Quando inizio a dire che ho sbagliato epoca in cui vivere, la gente alza gli occhi al cielo.
Per carità, in qualsiasi tempo fossi nata avrei sempre avuto da rompere e lamentarmi, però magari un paio di turbe psicotiche me le sarei risparmiate.
Lo so. Ho un rapporto con la tecnologia che spesso è morboso e a tratti impuri. Toglietemi il telefono con collegamento a internet e sarà come togliere il bastone a un cieco (prima o poi il trauma per questa categoria di disabili mi passerà. Non adesso, però, al momento continuo a odiarli).
Ma se fossi vissuta, per dire, a fine Ottocento, non avrei avuto l'angoscia di dover rispondere al cellulare a numeri sconosciuti.
No, me ne rendo conto.
Voler fare, tra le altre cose, la giornalista barra l’addetta stampa barra l’editor comporta di stare a bagno nella comunicazione. Di avere il telefono come estensione dell’arto. Di basare la propria giornata sul contatto con la gente, e non tentare di rifuggire qualsiasi esperienza diretta con sconosciuti.
Io, quando devo telefonare anche solo per prenotare una pizza, entro nel panico. Mi vergogno. La voce mi diventa strana, inizio a impostarmi, a recitare mentalmente una parte di cui non ricordo le battute. Mi impappino, la metà delle volte riattacco il telefono e faccio finta di niente. Non cenando, o cambiando direttamente menu.

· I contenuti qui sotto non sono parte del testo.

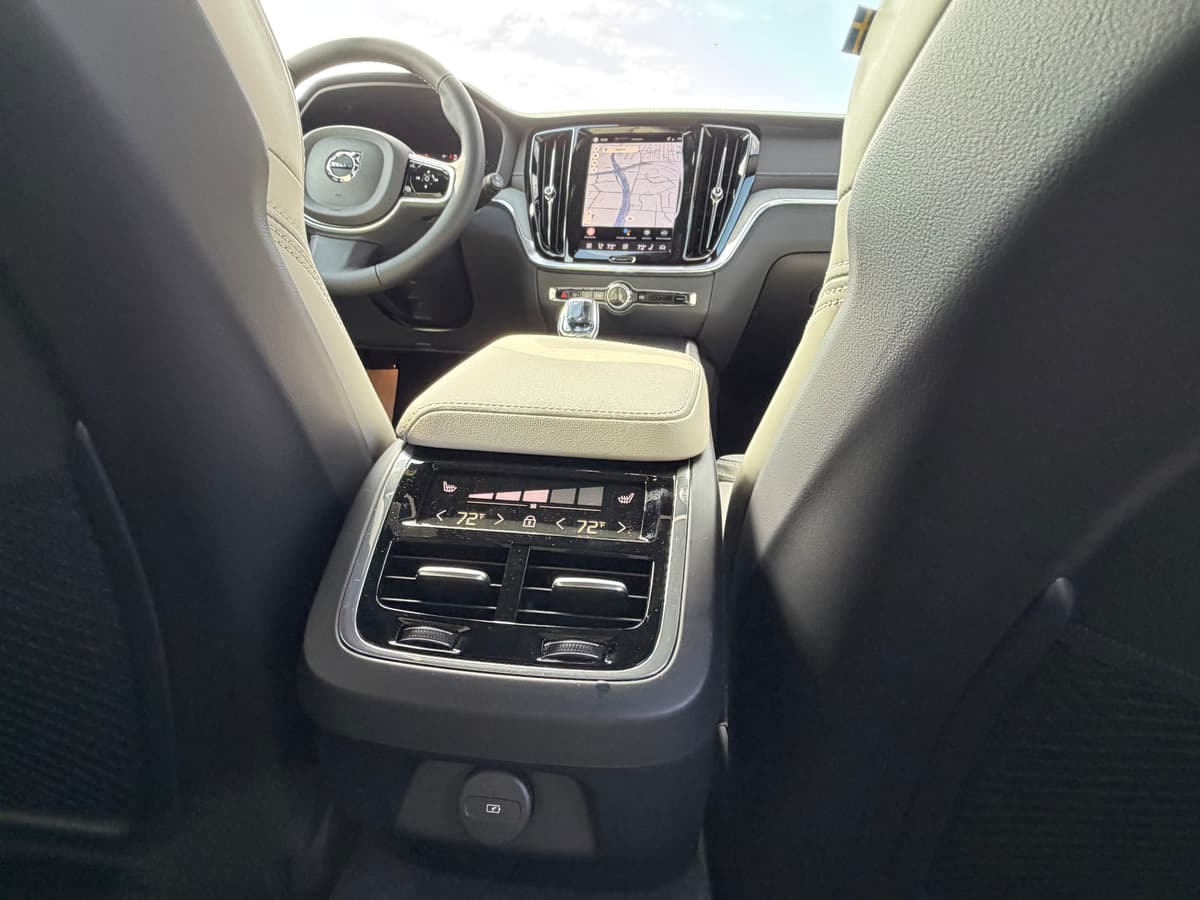 2026 Volvo V60 Cross Country - Image 11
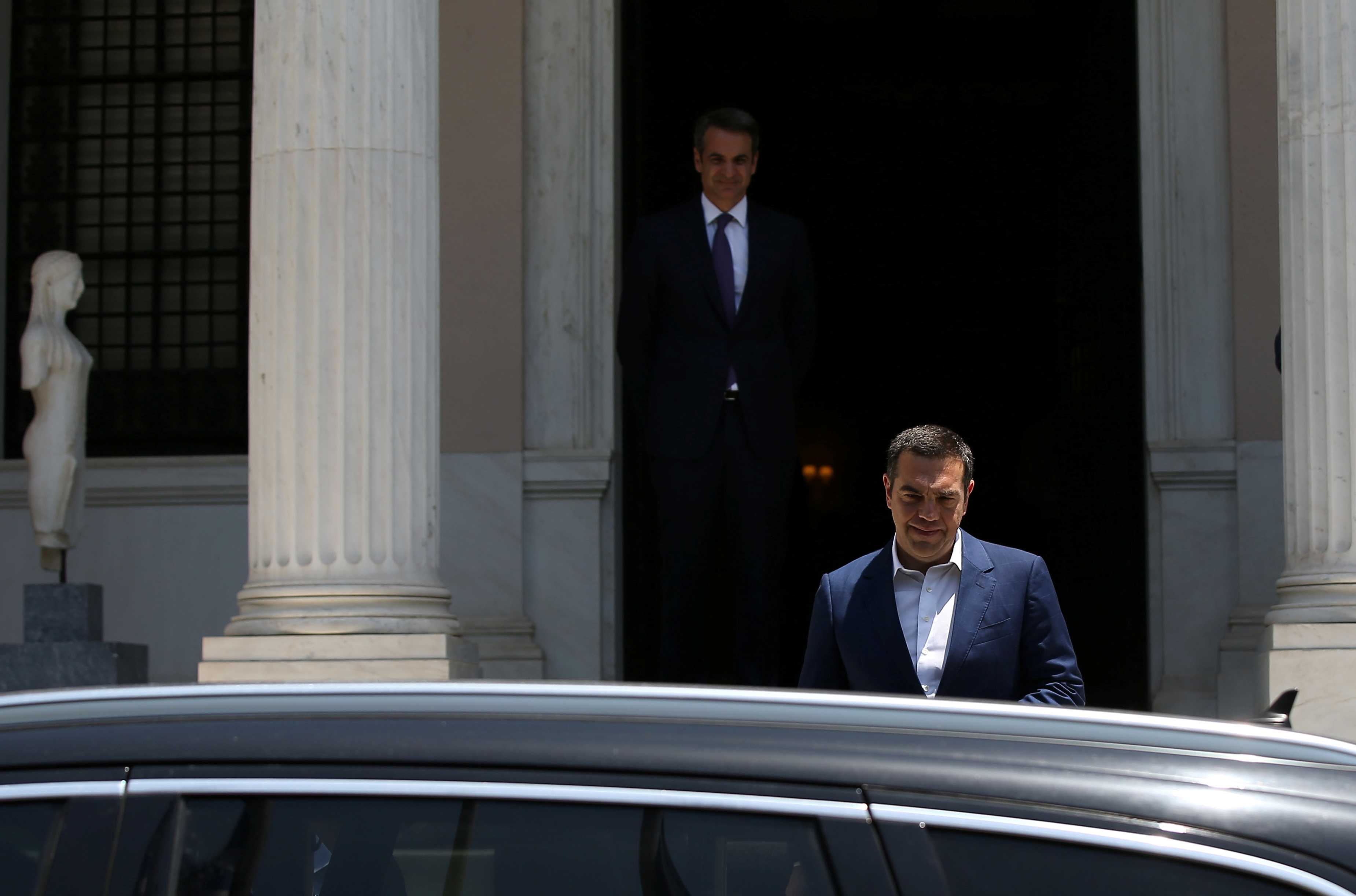 Tsipras ia dorëzon pushtetin kryeministrit të ri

Al lavoro poi (cioè, quando ancora avevo un lavoro, me misera me tapina), quando oltre al dialogo c’è anche da curare la parte che prevede il prendere appunti, ecco, lì vorrei essere altrove. Proprio dall’altra parte del mondo, eh. Entro così nel pallone che spesso scrivo quello che dovrei dire invece di ascoltare la risposta dell’interlocutore. Un genio assoluto.
Inizio a capire il motivo per cui sono stata licenziata.
Uhm.
Vi devo confessare che, quando la gente suona a casa, tiro fuori il peggio di me.

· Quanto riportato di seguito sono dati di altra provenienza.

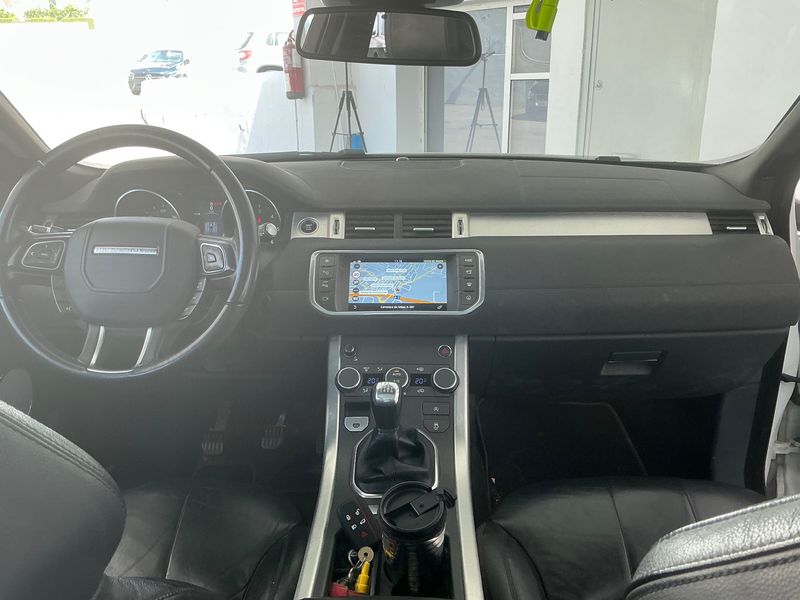 Land Rover Evoque 2.0 Td4 SE 2016 – снимка 17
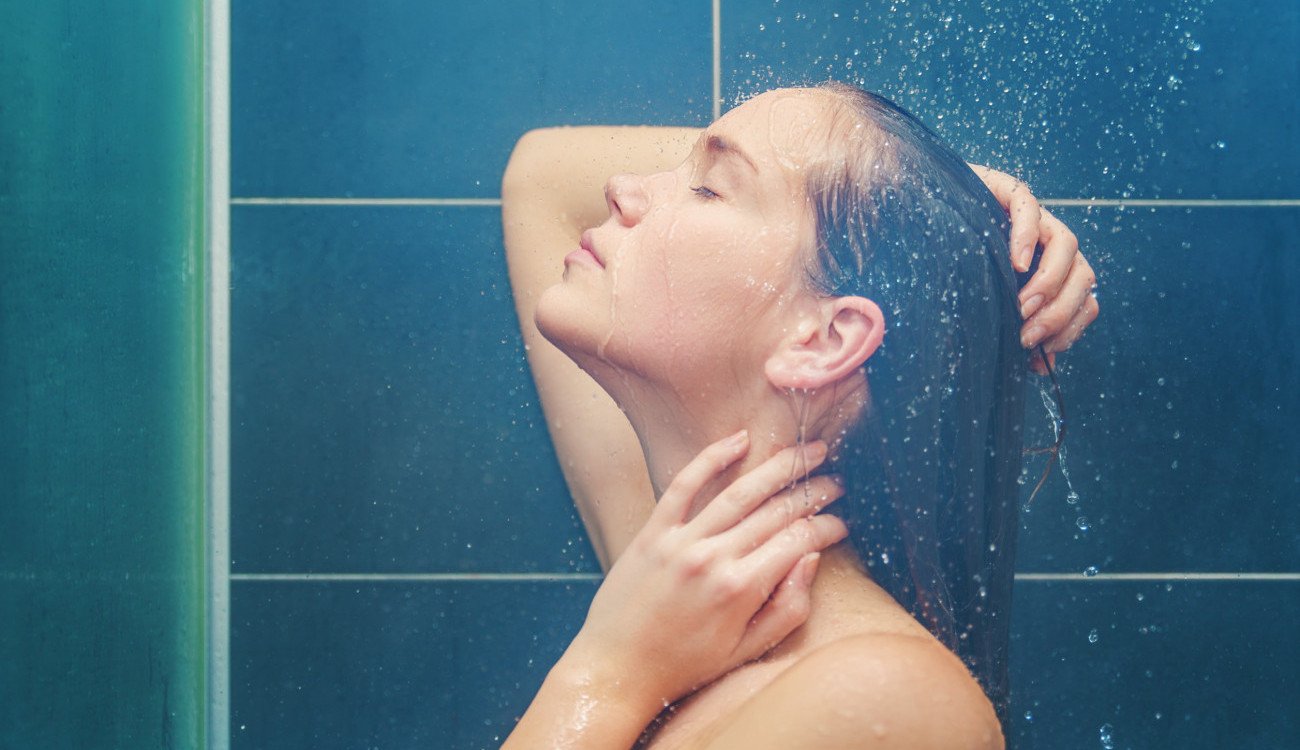10 أخطاء شائعة أثناء الاستحمام.. تعرف عليها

Se non aspetto nessuno, io non apro la porta.
Sì sì, faccio proprio come i vecchi. Evito di rispondere al citofono, faccio finta che in casa non ci sia nessuno, mi butto sotto il letto, mi distendo per terra facendo finta di essere morta, mi nascondo dentro l’armadio. Non ho dignità. Piuttosto che trovarmi di fronte uno sconosciuto dotato di parola e desideri comunicativi, ecco, preferisco stare nella vasca da bagno. Senz’acqua. Facendo movimenti autistici. Per almeno mezz’ora.
Nell’Ottocento non ci sarebbero stati tutti questi problemi.
Voglio dire, allora non esisteva questo gran numero di telefoni. Io, in quanto grafomane specializzata, sarei stata felice come pochi. La gente si scriveva. Mandava telegrammi, lettere, piccioni viaggiatori, segnali di fumo, messaggi in codice nascosti nelle cartoline illustrate. Ma non telefonava. E tantomeno si presentava a casa di qualcuno senza preavviso, anche solo per controllare il gas o la caldaia. Non c’erano di questi problemi.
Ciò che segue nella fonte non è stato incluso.